Goals — blech!

Is there anything so wrong with not wanting to set goals?  In practically every writing book I read it talks about setting goals.  Truth be told, when anyone mentions the word, it make me want to claw their eyes out.  Although I’ve mellowed out a bit in my advancing age.

The thing is when I was younger, I worked as a dance instructor.  My boss and his wife (she was the receptionist, maybe co-owner too) were constantly talking about setting goals.  There was always so much pressure to sell lessons, increasingly so once I was the only female instructor.  Goals, goals, goals.  That’s all he ever talked about.  See, I was great at setting goals, but with all the pressure to sell, I was pretty lousy at meeting them.  Of course it didn’t help that my mom had just moved out of the house and I needed to make money to support myself.

Needless to say, I left that job on very bad terms.  There was a big fiasco at the end and my boss’ wife threatened to have my step-father killed.  So ever since then I never wanted to set goals.  Sure there were things I wanted to accomplish and somehow I always did, but never by any real planning.   Even now I’m accomplishing the things I want to get done, but I can’t help but wonder if I could be more productive if I set some goals.

Hey, I’ve got two thesauri now, I can just look a different word up.  Ah, here we go ‘aim’.  I like that word.  It’s short and doesn’t remind me of the word goal.  And if I get tired of that word, there’s plenty more to choose from: plan, desire, intent, aspire… just as long as I’m not setting ‘goals’.


About T. R. Kolbe

I have been writing since July 2010. I wrote one novel although I haven't finished editing it and I don't know that I will. I have also completed 3 short stories and have 3 more that I am working on.
This entry was posted in Life, Musings, Writing and tagged , , , . Bookmark the permalink.

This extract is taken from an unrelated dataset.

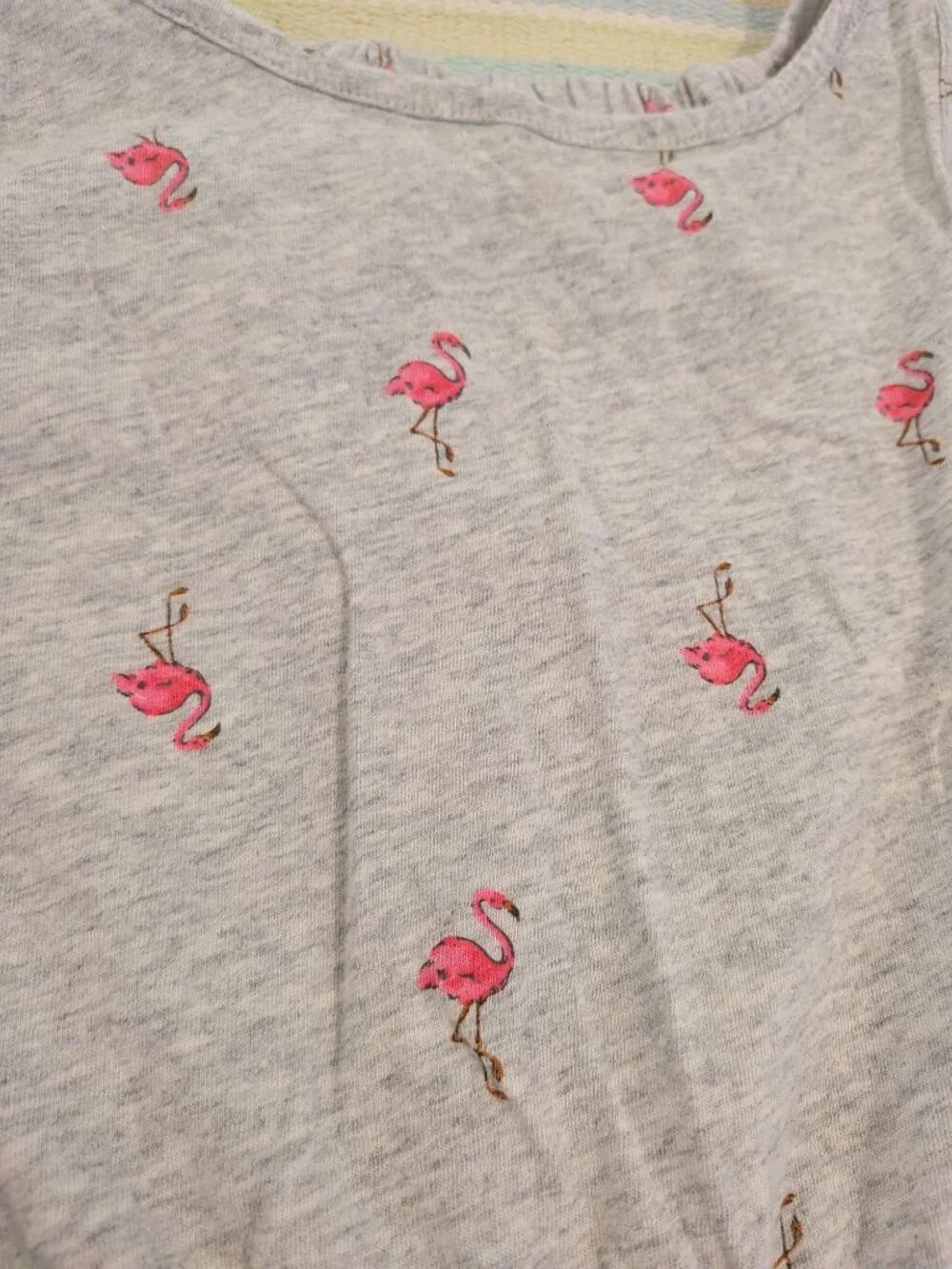 ⭐ Girl's Old Navy gray flamingo Romper Large 10-12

2 Responses to Goals — blech!

  1. D.J. Lutz says:

    I once spent an entire week in “executive decision making” hell with facilitators that we paid good money in order to learn how and why to set goals. After the week was over, I entered the elevator to leave, thinking we spent god knows how much money and we have no goals. But we know how and why to make them! Whatever. My takeaway – don’t set goals, just keep working to get better each day. After all, reaching the top of the mountain isn’t what’s good for us – it’s the journey up that counts!